Franz J. Vesely: What is Computational Physics?

Computational physics is physics done by means of computational methods. Computers do not enter into this tentative definition. A number of fundamental techniques of our craft were introduced by Newton, Gauss, Jacobi, and other pioneers who lived quite some time before the invention of workable calculating machines. To be sure, nobody in his right state of mind would apply stochastic methods by throwing dice, and the iterative solution of differential equations is feasible only in conjunction with the high computing speed of electronic calculators. Nevertheless, computational physics is much more than ''Physics Using Computers''.

The essential point in computational physics is not the use of machines, but the systematic application of numerical techniques in place of, and in addition to, analytical methods, in order to render accessible to computation as large a part of physical reality as possible.

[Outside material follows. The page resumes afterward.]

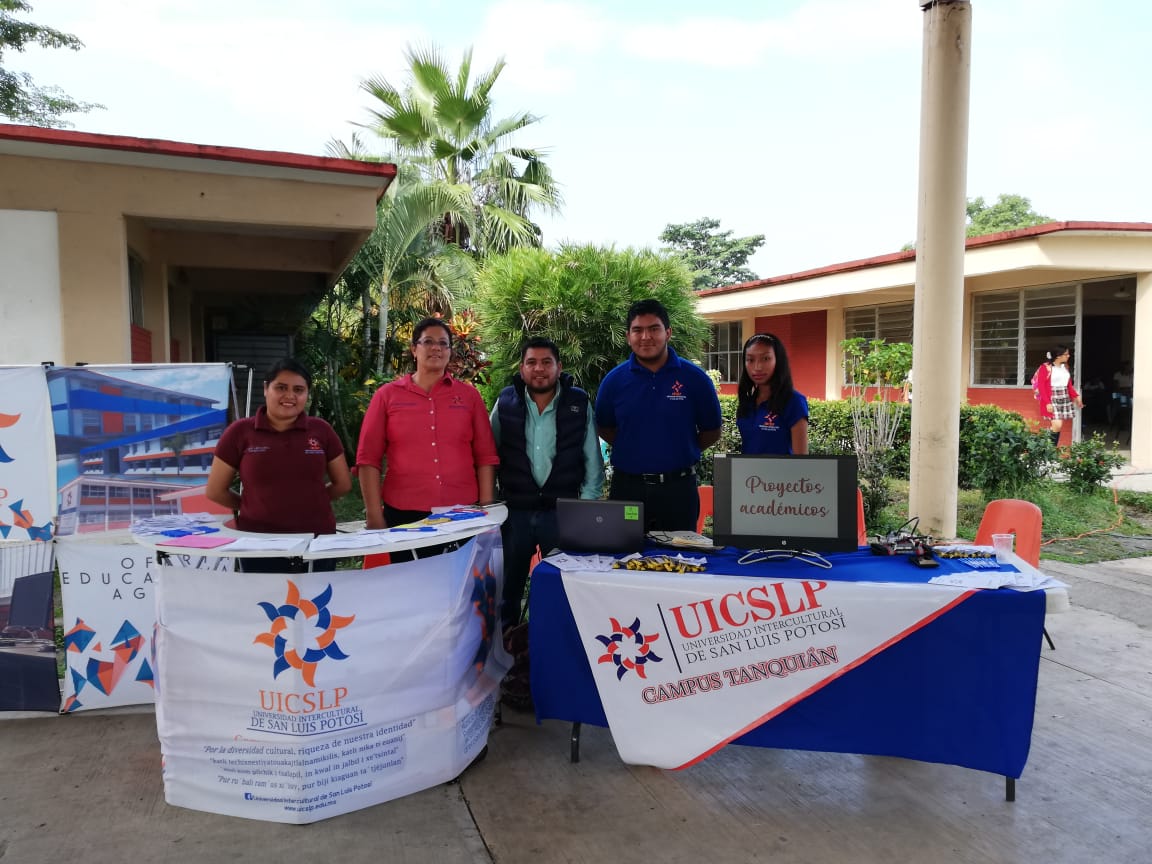 Participa UICSLP campus Tanquian  en la tercera feria profesiografica del COBACH 16 de San Vicente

In all quantifying sciences the advent of computers rapidly extended the applicability of such numerical methods. In the case of physics, however, it triggered the evolution of an entirely new field with its own goals, its own problems, and its own heroes. Since the late forties, computational physicists have developed new numerical techniques (Monte Carlo and molecular dynamics simulation, fast Fourier transformation), discovered unexpected physical phenomena (Alder vortices, shear thinning), and posed new questions to theory and experiment (chaos, strange attractors, cellular automata, neural nets, spin glasses, ...).

An introductory text on computational physics must first of all provide the basic numerical/computational techniques.